Driven by boredom, ideas began popping into my head on how to best make the long wall more interesting. I really did not like the way it looked. Too, I don't know, predictable I guess you could say. That said, I also had to take into account that I am on a very limited budget so I had to use things that I already had. Okay, all set. Off to the craft room to see what I could use.
In my stash I have a stack of rather well-loved, worn books. I have used them for all sorts of projects, including wallpapering the bottom half of my hallway. I just love that look so I used it again. There is nothing that matches the color of old book pages. No tea-staining or paint can come close to the natural aging of paper.

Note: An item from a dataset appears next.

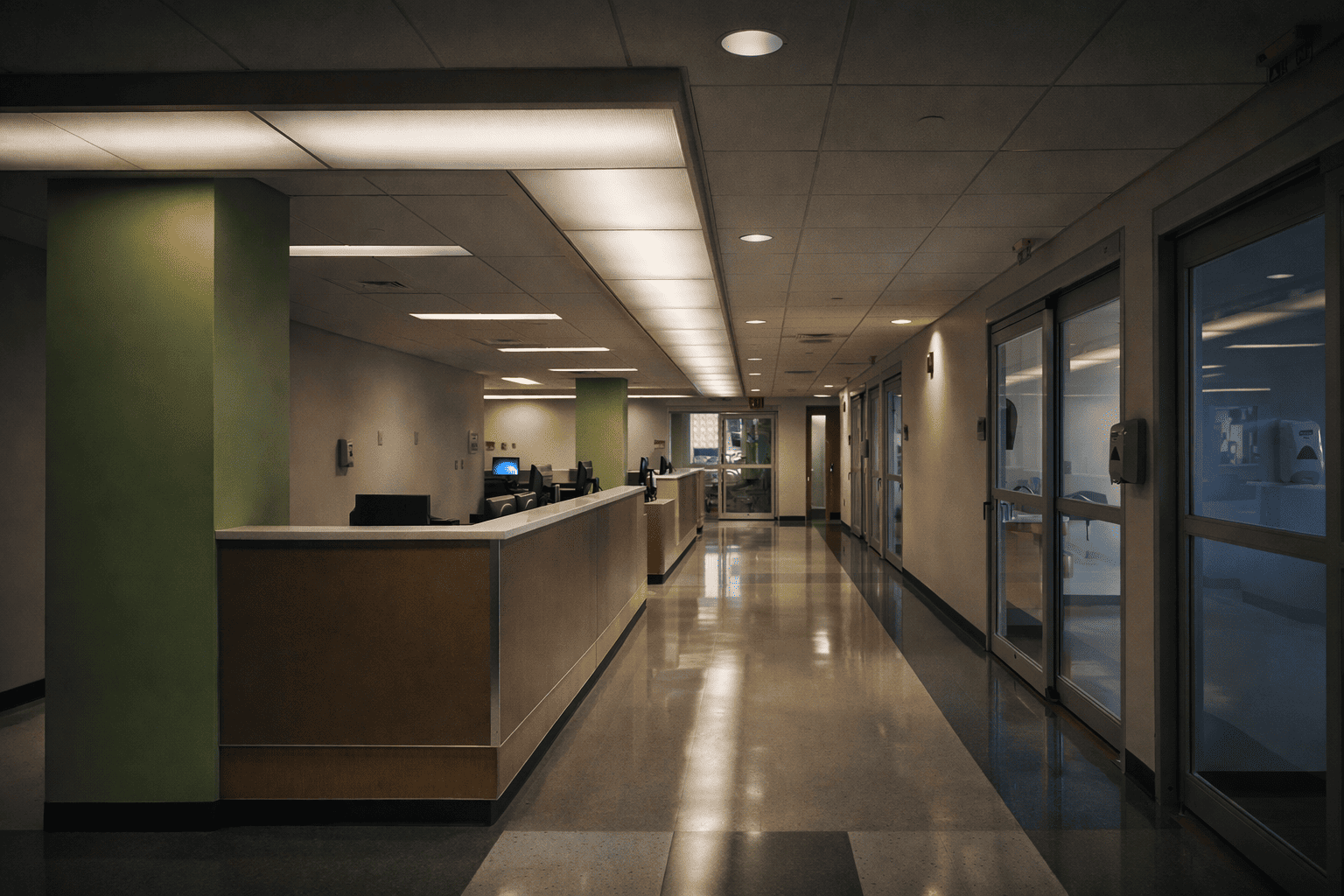 Hospital reception and hallway area secured with surveillance and controlled access security systems.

I started placing the pages at the ceiling line, butting them together. Next row, a little overlap of the top and progress had begun. I then realized that if I wanted to cover the entire wall in this manner I would need a lot of books! Random placement was what was needed. Here is the result:
I still could have covered the whole wall with pages, filling in every empty space but as I stepped back and really looked at what I had done, I realized that the pages appeared as though they were cascading down the wall. Beautiful! It made me think of something you might see at Hogwart's. Can't you picture young wizards scanning pages as they fall down the walls of the library?
I moved this cabinet from my bedroom to house my favorite platters, plates and nicknack's. I bought it from a man who lives nearby in Conyers for $75 a few years ago. It had been in his family for generations and was made sometime near the end of the Civil War. I don't know what the wood is, but it is made with wide planks that were cut from trees that grew on their land. He had it stored in his very damp basement, filled with old tools and rusty nails. I think it is happier with its new life.
This quilt was made by a brother and sister, two of my ancestors aged 8 and 5, somewhere in the 1830's or 1840's. I took it from my parent's garage on my birthday last month and hung it on my wall. Happy birthday to me! I wonder if it was a project assigned by their mother to keep them busy during a summer vacation or to while away long winter evenings. Whichever it was, it has that lovely, naive charm about it that I love. The bachelor's chest was made in Griffin, GA and holds my linens and other bits and bobs.
I love the way the wall now has movement and energy. There are small treats to discover within the pages- advertisements for new books, an inscription from a teacher to her student (dated 1883) and notes taken during French class, all designed to keep you occupied while you wait for me to finish cooking dinner.
I think I can finally say that this room is done.